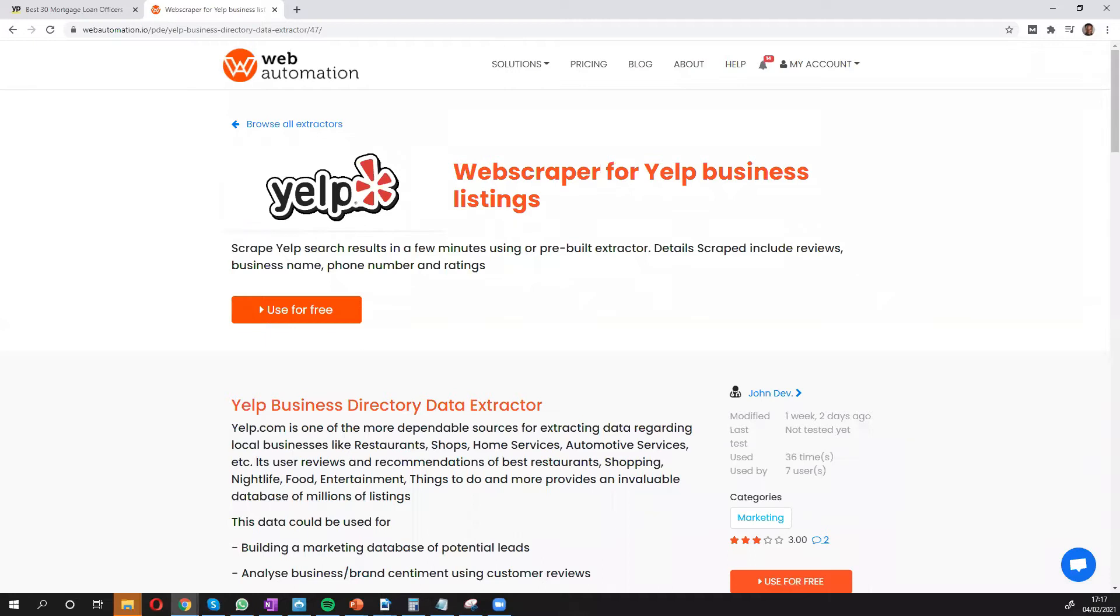Hi, everyone. This is Victor from Web Automation. And in this video, I'm going to show you how you can scrape vital information from Yelp,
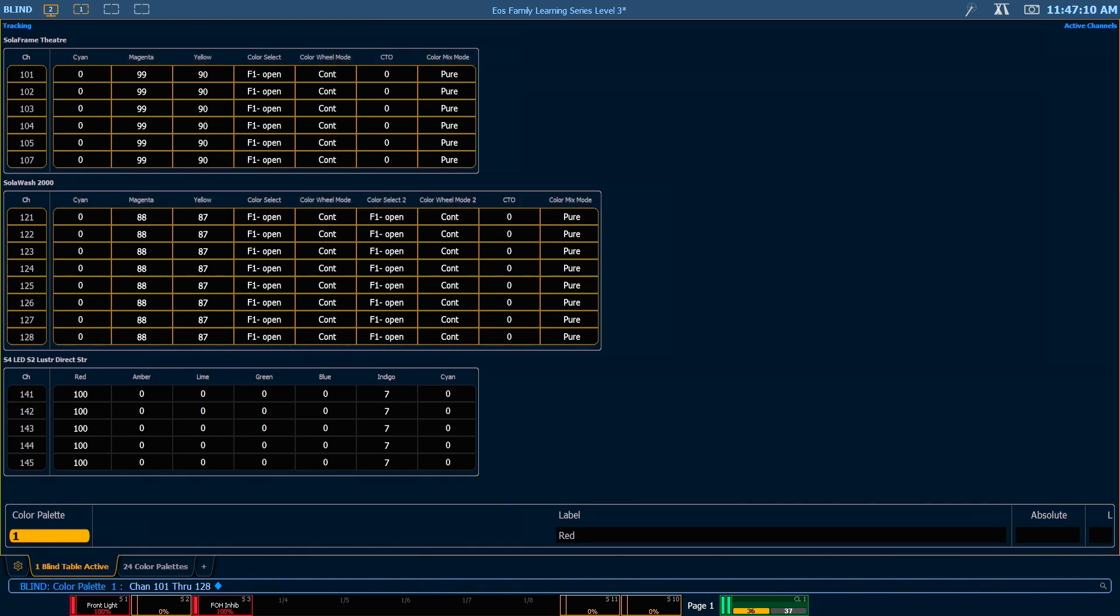If we want to remove information in blind, we can use the at enter command. So on this palette, for example, I actually only want my cyan, magenta, and yellow values. I don't want any of that other information stored here, so to remove that additional information.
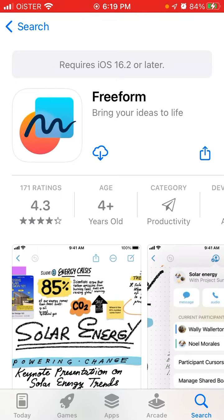You need to have iOS 16.2, and I think you can install it starting from iPhone 8 and of course all newer iPhones. It's not going to work on iOS 16.0, so you need to go to your Settings app and upgrade.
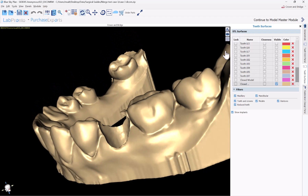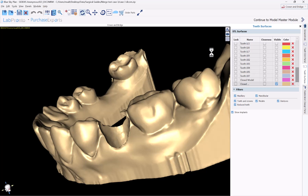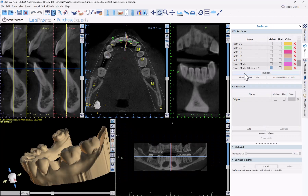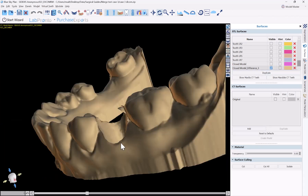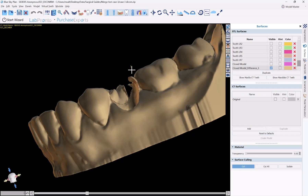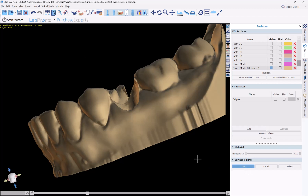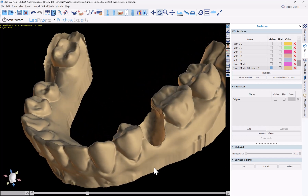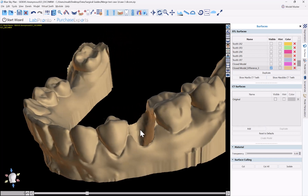We'll go ahead and clip those extra pieces away by switching back to our model master module. Here we select the relevant surface and make the 3D view larger. I'll use the cut tool at the bottom — activate it, hold down the shift key, and draw a lasso with my left mouse button to remove anything we want to remove. To turn off the cut functionality, click the cut button again or press escape. Now we have extracted the tooth and can see the emergence profile.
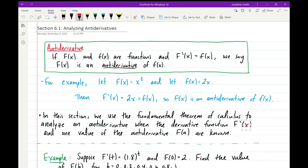Hello, Math 122. In this video, we'll be covering section 6.1 on antiderivatives. We'll start by defining an antiderivative. If we have a function F(x) and another function f(x), and the derivative of F(x) is equal to f(x), we say that F(x) is an antiderivative of f(x).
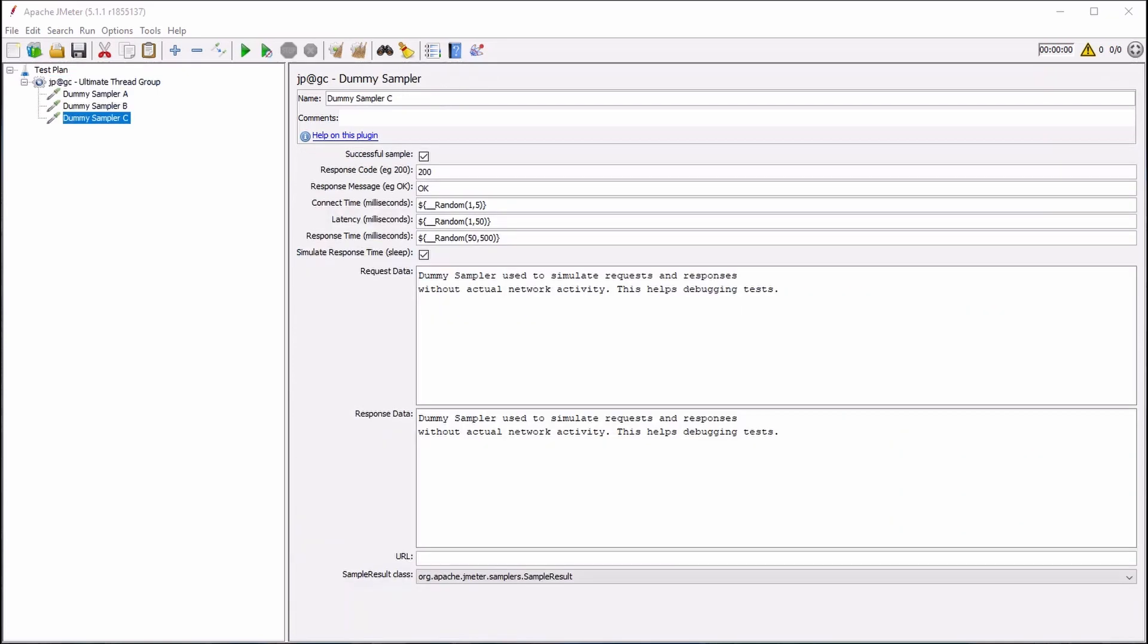To monitor our test within the JMeter UI, we can also add a ViewResultsTree.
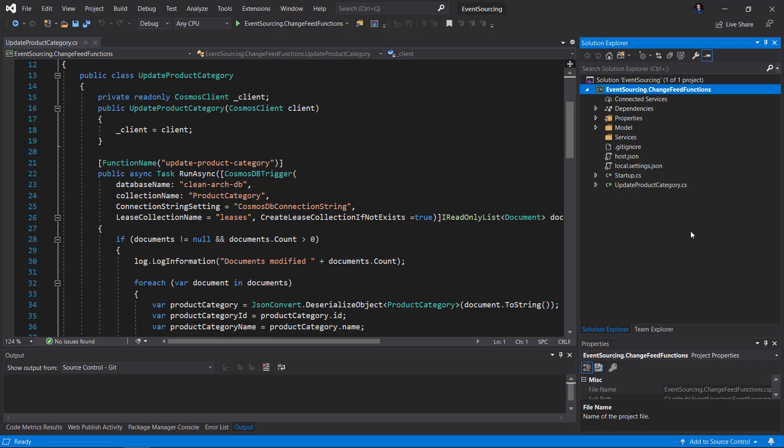Here is Visual Studio 2019 and the ChangeFunctions project created for this video. There is one class called UpdateProductCategory, and inside this class one function — UpdateProductCategory — with a CosmosClient instance used to update all products where a specific category has changed. In the RunAsync method, we can see that there is a Cosmos DB trigger used, because when there is a change in one of the containers in Azure Cosmos DB, this function will be triggered. We have to provide parameters like database name, collection name — in this case, product category — and the connection string setting for my Azure Cosmos DB account.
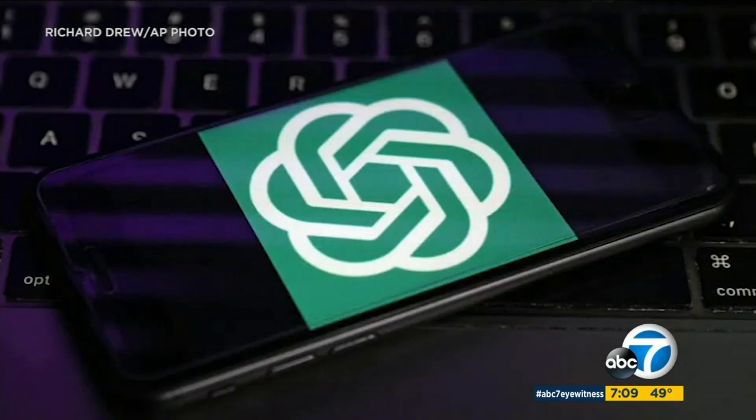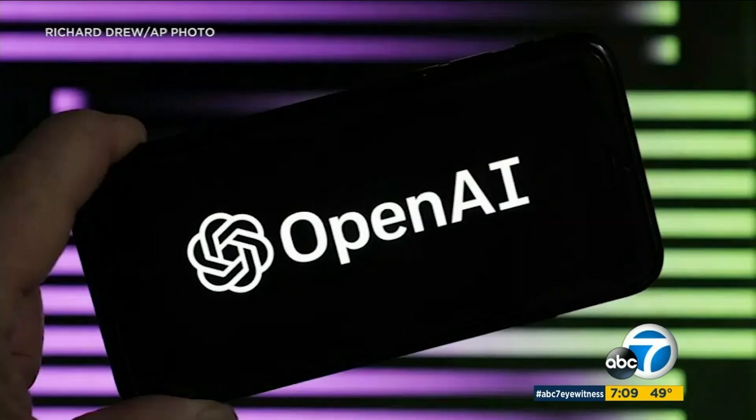California Congressman Ted Lieu was calling for a nonpartisan commission to recommend regulations for artificial intelligence, and he actually used ChatGPT to help write the bill. Congressman Ted Lieu joining us live this morning to discuss all of this. What does this bill call for, and what is the potential risk if we left artificial intelligence unregulated?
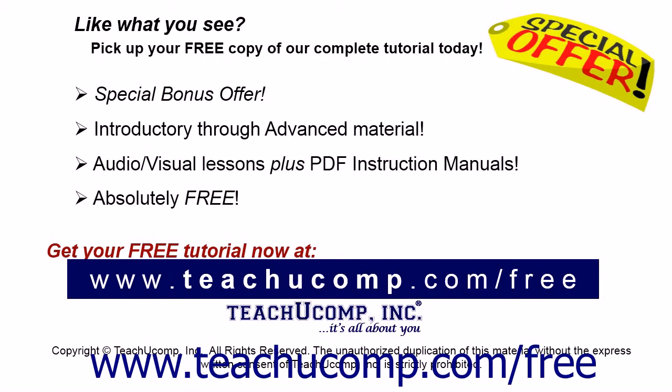Like what you see? Pick up your free copy of the complete tutorial at www.teachucomp.com forward slash free.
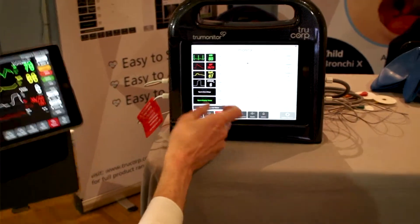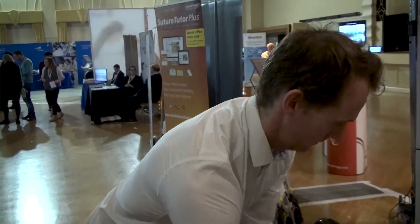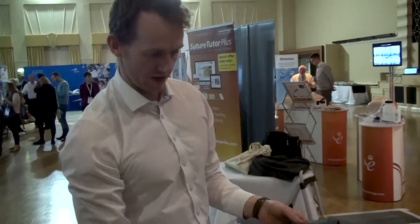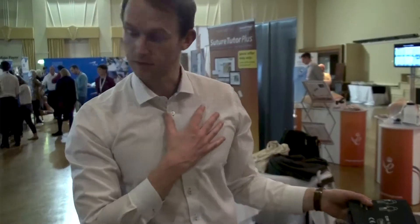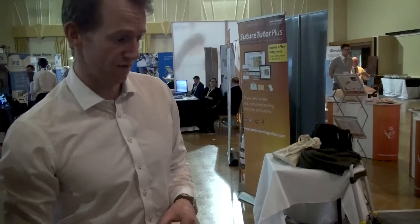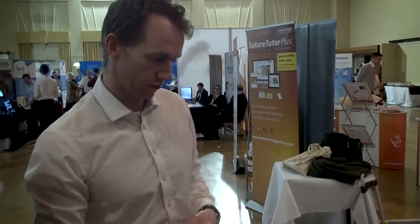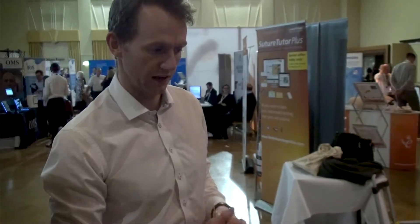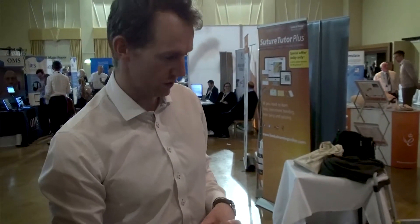They've also got the added advantage of a more immersive simulation setup with the AED pad — you can see all the pad placements as well. This is True Monitor, a very good new product made by Truecorp. It's a brand new innovation and we've had a lot of clinical input into this product. We're really happy with it and think it's going to do very well in the UK and the rest of the world.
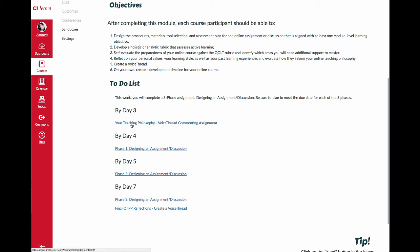You're going to start and end this module with a VoiceThread. The first VoiceThread is a commenting assignment where you'll be working through some details and thinking more deeply about your teaching philosophy and how it applies to being an online instructor. The final OTPP Reflections is a VoiceThread that you yourself will create, then submit and share with the class.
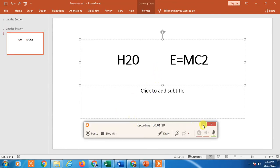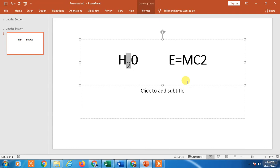So guys, here you can use shortcuts. Just select the text and hit Control and equal sign, it will be subscript. And if you want superscript, just enter Control, Shift, and equal sign. For the first one you have to enter only Control and equal sign, and for the second one you have to enter Control, Shift, and equal sign.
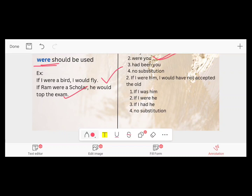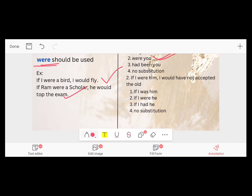Next: 'If I were him, I would have not accepted the old.' Here, 'him' is wrong because we can't use 'him' here. We have to use 'he.' The correct answer is: 'If I were he, I would have not accepted the old.' So 'he' is the correct answer.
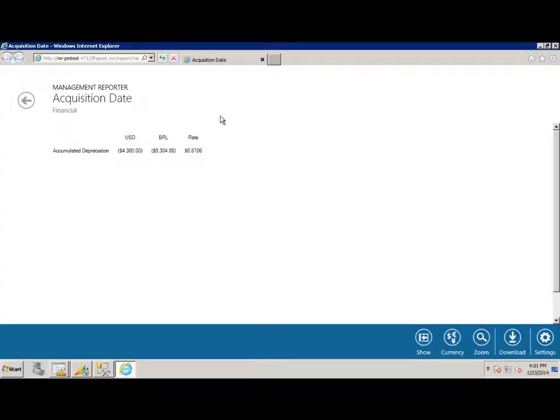Managed Reporters CU7 introduced the capabilities for Dynamics AX 2012 customers to translate any report to any currency at any time. Along with that is the ability to use a new attribute filter called Acquisition Date.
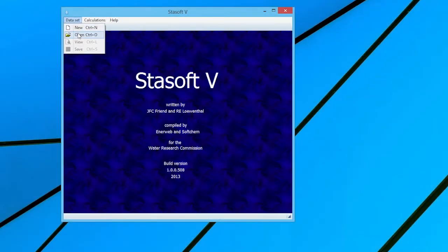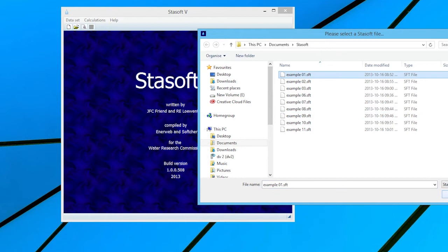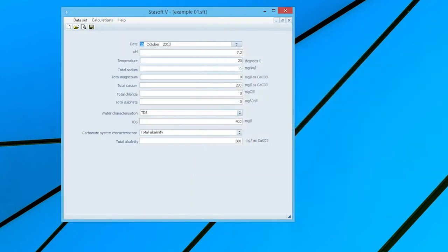When selecting the Open option, the File Name Input window will appear. Once a file is loaded, the data of the relevant file will appear within the Data Set Input window. All the data within this window, whether new or from a previously saved file, can be edited within this window.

◆ ◆ ◆ ◆ ◆ ◆ ◆

- What the task asks: Lines from the one containing "Next: 'If I" through the final line of the entries above are to be retyped exactly, with every picture left out.

- Solution to this problem:
Next: 'If I were him, I would have not accepted the old.' Here, 'him' is wrong because we can't use 'him' here. We have to use 'he.' The correct answer is: 'If I were he, I would have not accepted the old.' So 'he' is the correct answer.
Managed Reporters CU7 introduced the capabilities for Dynamics AX 2012 customers to translate any report to any currency at any time. Along with that is the ability to use a new attribute filter called Acquisition Date.
When selecting the Open option, the File Name Input window will appear. Once a file is loaded, the data of the relevant file will appear within the Data Set Input window. All the data within this window, whether new or from a previously saved file, can be edited within this window.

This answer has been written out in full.